Last on my list of favourites but by no means the least favourite – bear with me on this one – is the collection’s title story, A Season for Mending. It is the story of a Kenyan couple and they are fighting over the credit the husband gives his mother’s thoughts about his wife. A constant conflict between wife and daughter-in-law reveals deeper issues in their marriage.

Sign Up! Be the first to know when I post.

So what do I think about this collection?

I thought it was great. The stories were fresh – the colourful array of characterization and the sensitivity with which Margaret Muthee handled the topic of Loss.

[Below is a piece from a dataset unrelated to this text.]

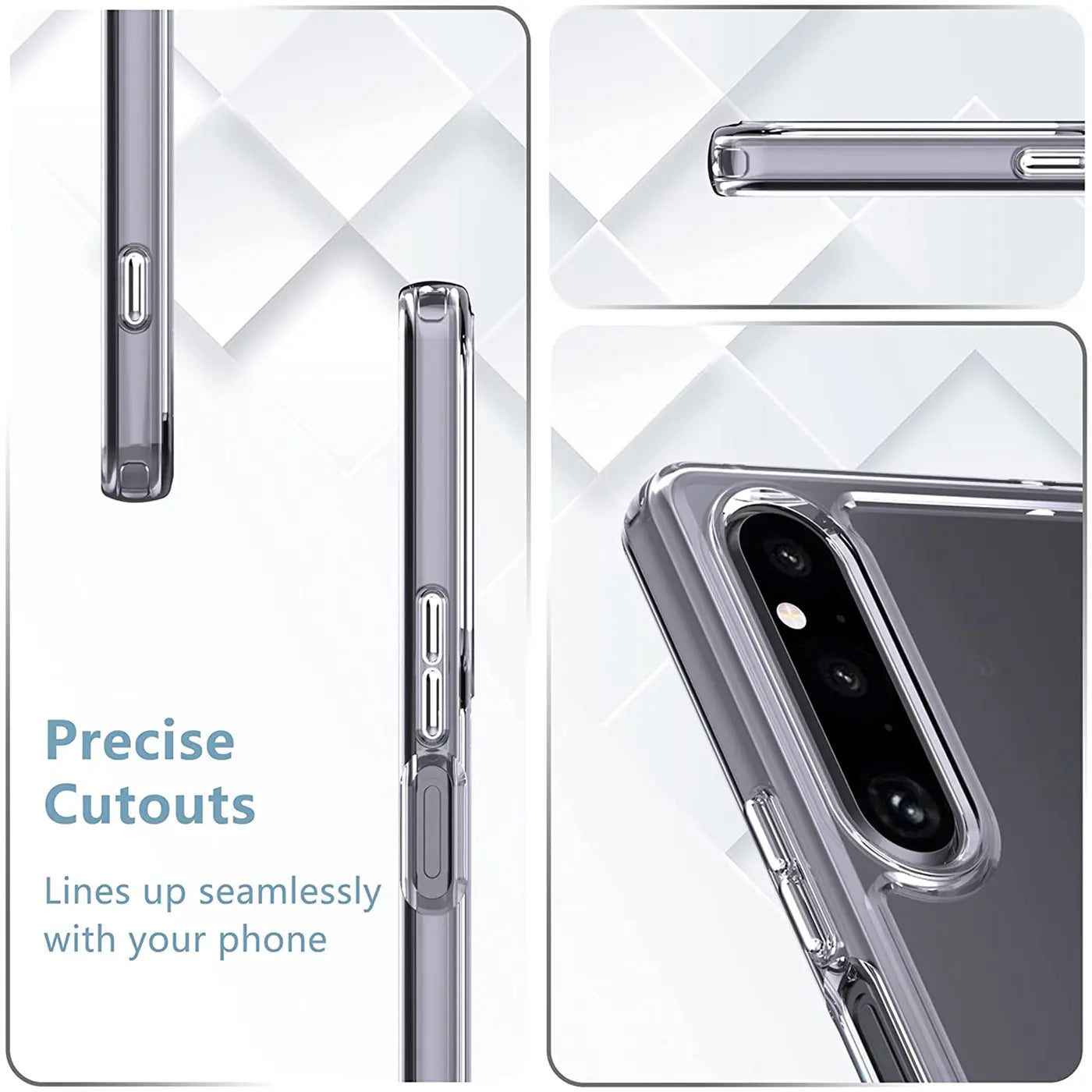 Klares, flexibles Handyhülle aus TPU, Nahaufnahme, Sony Xperia 1 V.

This was evident in her story, A Perfect Send Off, as she uses relatable imageries. However, I felt she did not explore the perspectives of her other characters in this story under the prevailing circumstance of Loss.

Miracle Baby had some fluff. For instance, there was a section our narrator went off on a tangent about his history with Odindo. It neither helped me appreciate neither his character nor Odindo’s so might as well not have been there altogether.

A Season for Mending engaged me the most but also infuriated me (as only a Nollywood movie starring Patience Nzokwo would) with all the mother-in-law drama. The end had the conflict too conveniently resolved, in my opinion. It need not be a happily-ever-after ending but it does need to be agreeble – even if an ex machina must be deployed.

In all, I enjoyed the collection and I look forward to seeing more of Muthee’s works – especially in a novel form as I believe it will give her more real estate to develop fuller arc that allow for a longer timelines for well-rounded characterization.